Need to solve problem with mutating arrays!
"""
function loss(θ)
    # Empirical error
    X̂ = predict(θ)
    l_emp = mean(abs2, Xₙ .- X̂)
    # regularization 
    steps_reg = collect(0.0:0.1:10.0)
    dUdx = map(x -> Zygote.jacobian(first ∘ U, [x, 1.0], θ, st)[1], steps_reg)
    # dUdx = map(x -> U([x, 1.0], θ, st)[1], steps_reg)
    norm_dUdx = norm.(dUdx).^2.0
    l_reg = sum(norm_dUdx) 
    return l_emp + l_reg
end

losses = Float64[]

callback = function (p, l)
    push!(losses, l)
    if length(losses) % 10 == 0
        println("Current loss after $(length(losses)) iterations: $(losses[end])")
    end
    return false
end

adtype = Optimization.AutoZygote()
# adtype = Optimization.AutoReverseDiff()
optf = Optimization.OptimizationFunction((x, p) -> loss(x), adtype)
optprob = Optimization.OptimizationProblem(optf, ComponentVector{Float64}(p))

res1 = Optimization.solve(optprob, ADAM(), callback = callback, maxiters = 500)
println("Training loss after $(length(losses)) iterations: $(losses[end])")

facusapienza · January 21, 2024, 4:16pm

Forward differentiation here does not break but ignores the gradients with respect to the derivative term,

dUdx = map(x -> ForwardDiff.jacobian(x -> U([x[1], 1.0], θ, st)[1], [x]), steps_reg)

gives

Warning: `ForwardDiff.jacobian(f, x)` within Zygote cannot track gradients with respect to `f`,
│ and `f` appears to be a closure, or a struct with fields (according to `issingletontype(typeof(f))`).

@ChrisRackauckas I noticed this is pretty much the same problem reported in the post Gradient of Gradient in Zygote but here I am interested in reverse-over-forward differentiation. Also a similar thread in Issue with Zygote ober ForwardDiff-derivative. However, it is not clear for me what is the recommended solution for this cases, if there is any yet. I noticed the posts are a little bit old, so maybe some of their contents may be outdated. Do I need to define a new rrule() for this problem in order to make this work?

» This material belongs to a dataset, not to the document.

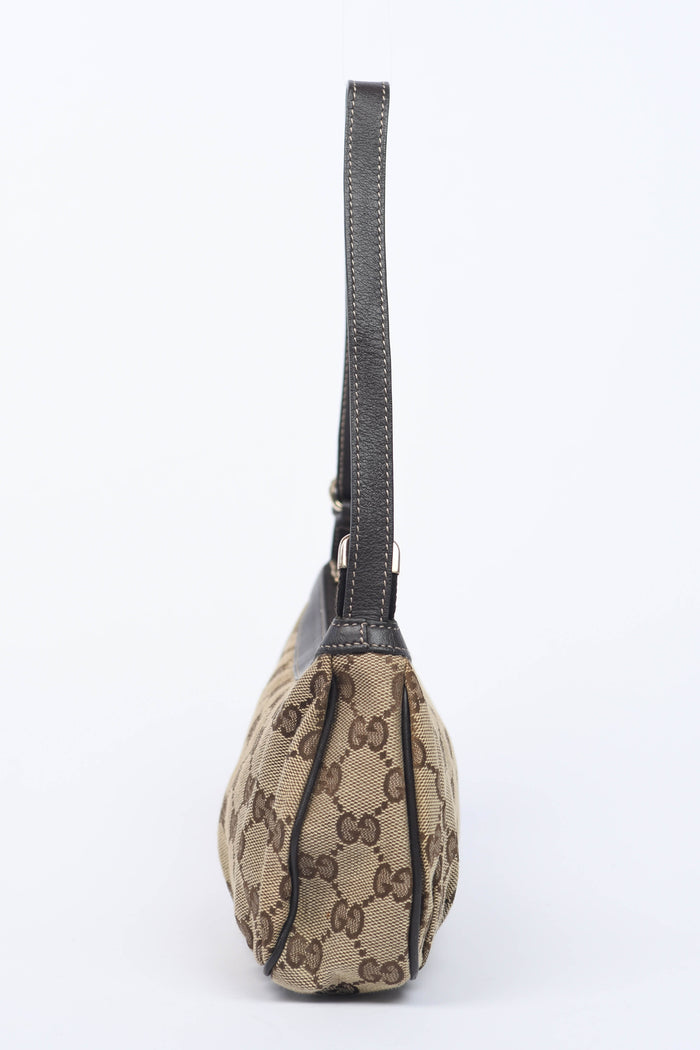Vintage Gucci Monogram Canvas Pochette Shoulder Bag
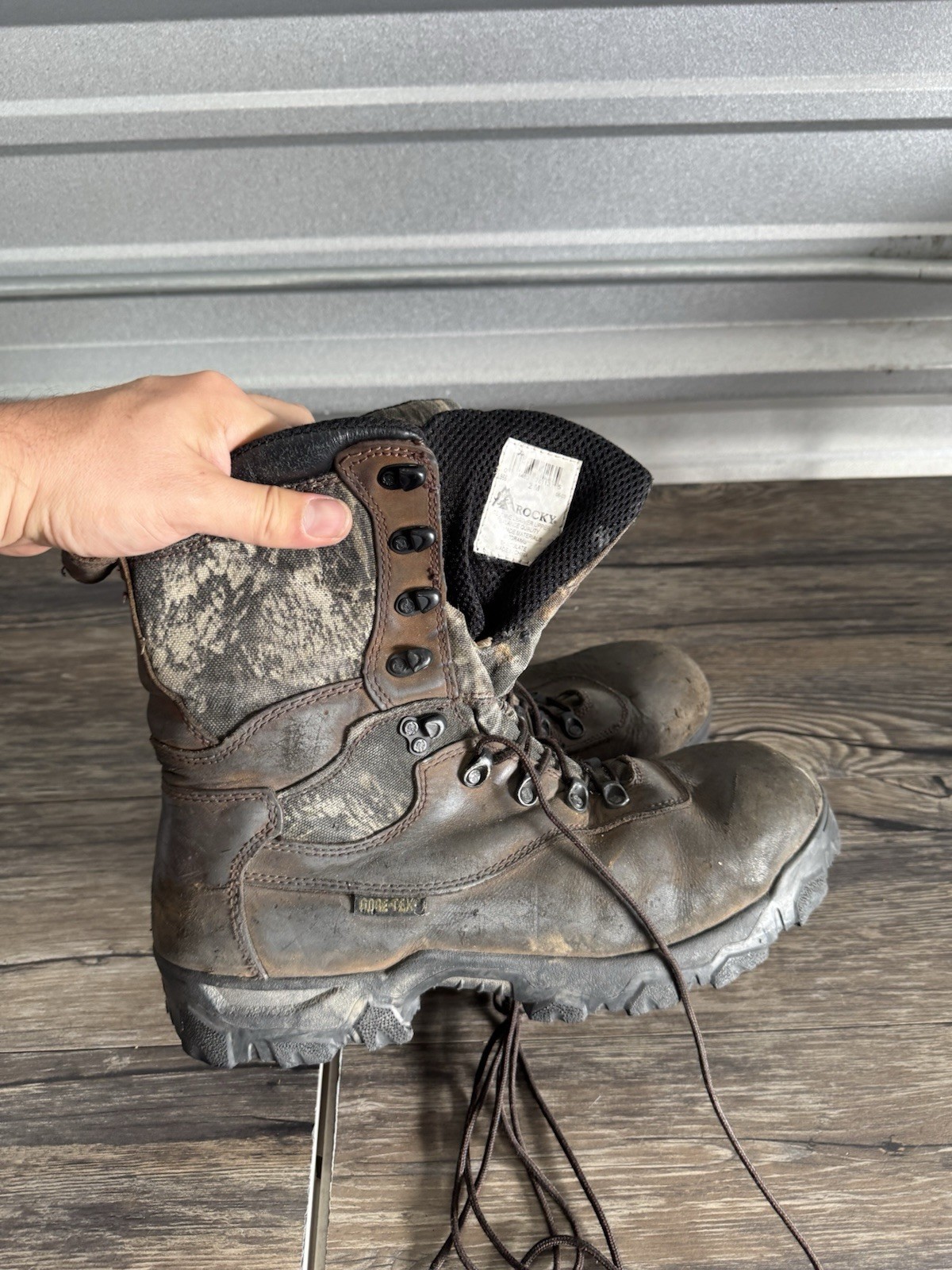 Rocky Men’s Outdoor Boots River Rat Waterproof Thinsulate Brown Camo Sz. 12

clempe · March 8, 2024, 8:13pm

Have you made any progress in your search? I’m encountering a similar problem, using ForwardDiff inside the loss and getting the same warnings.

avikpal · April 8, 2024, 9:53pm

You can use BatchedRoutines.jl for this, replace ForwardDiff.jacobian with batched_jacobian(AutoForwardDiff(),....). See BatchedRoutines.jl/test/autodiff_tests.jl at b1f3f8fde4e07df1ea45fc753a50b2de7ac20c9e · LuxDL/BatchedRoutines.jl · GitHub as an example. Documentation for this is non-existent and the package is currently unregistered (planning to register it around starting of Summer semester), but we are currently using this for some internal SciML projects for exactly the usecase you want.

gdalle · April 9, 2024, 6:00am

I think this link might point to another package with the same name?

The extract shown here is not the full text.